● **WHAT YOU ARE ASKED TO DO**
Find the line below with "interruptor correspondiente.". Print it and every line after it exactly, through the last line, leaving out the pictures.

^^^^^^^^^^^^^^^^

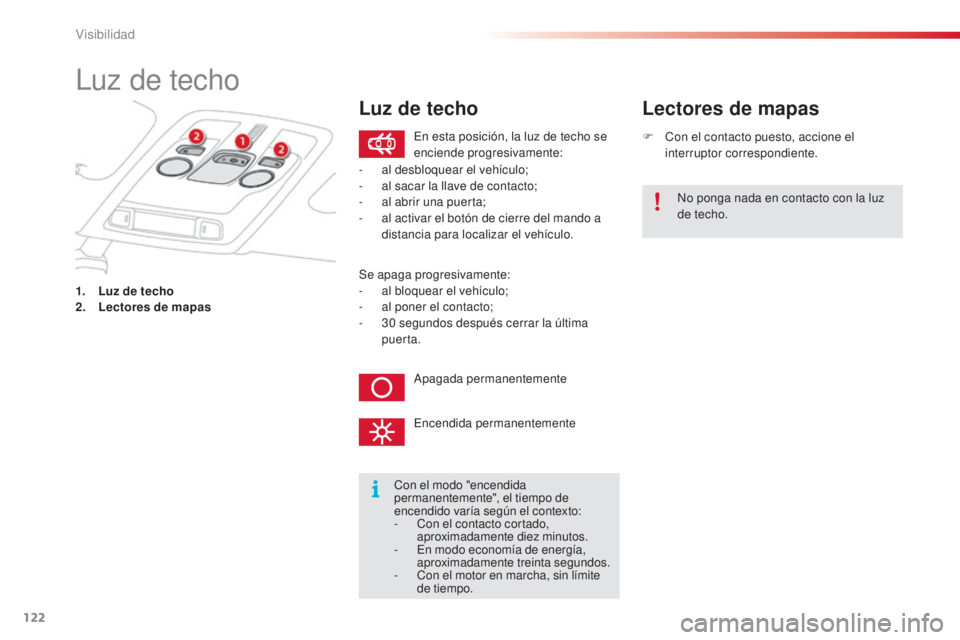 CITROEN C4 CACTUS 2015  Manuales de Empleo (in Spanish) 122
C4_cactus_es_Chap06_visibilite_ed02-2014
luz de techo
1. Luz de techo
2. Lectores de mapas F
 
C
 on el contacto puesto, accione el 
interruptor correspondiente.
Lectores de mapas
Con el modo "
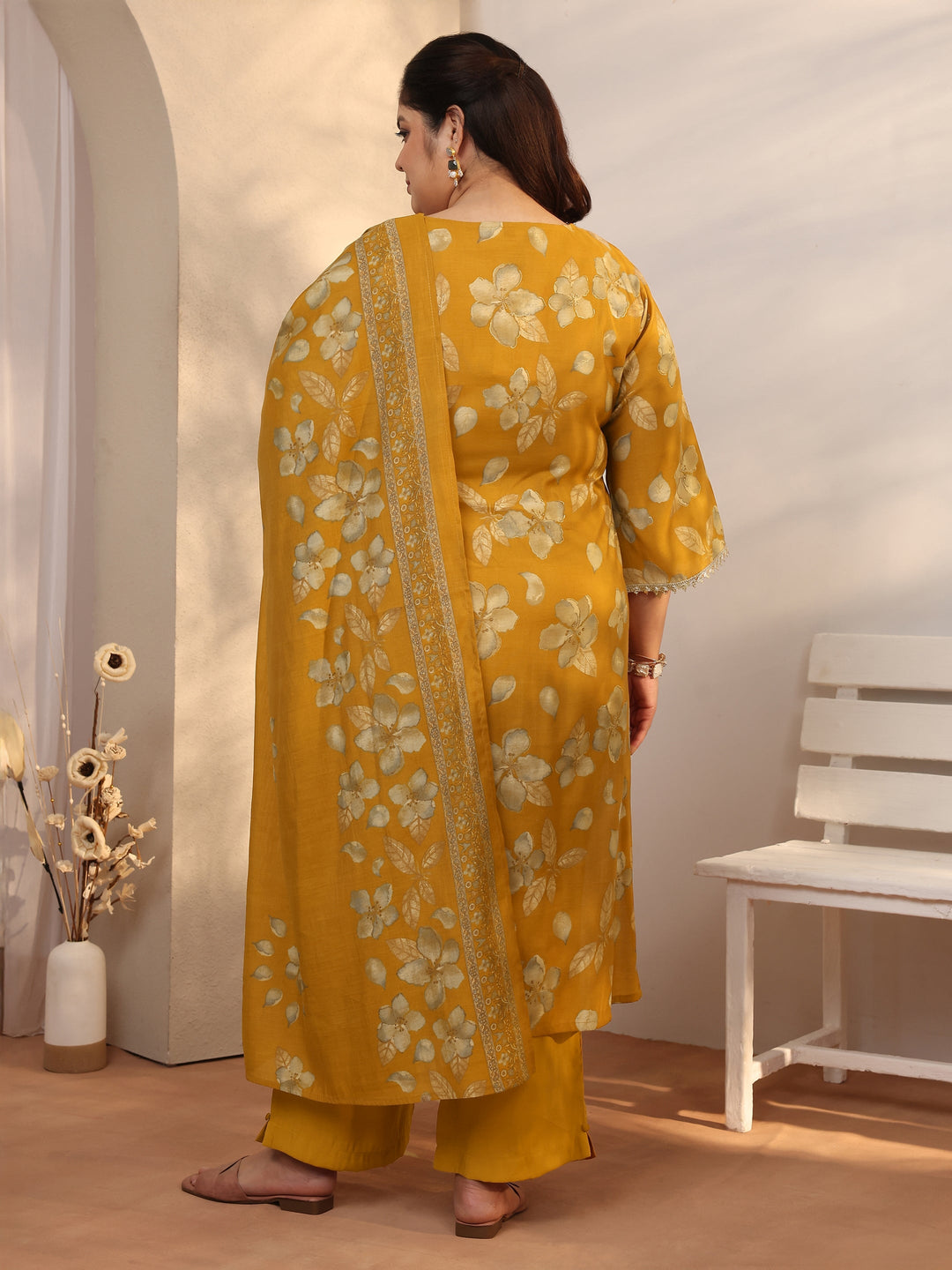 Plus Size Mustard Printed Silk blend Straight Suit Set With Dupatta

^^^^^^^^^^^^^^^^

● **REPLY TO THE TASK**
interruptor correspondiente.
Lectores de mapas
Con el modo "
 Plus Size Mustard Printed Silk blend Straight Suit Set With Dupatta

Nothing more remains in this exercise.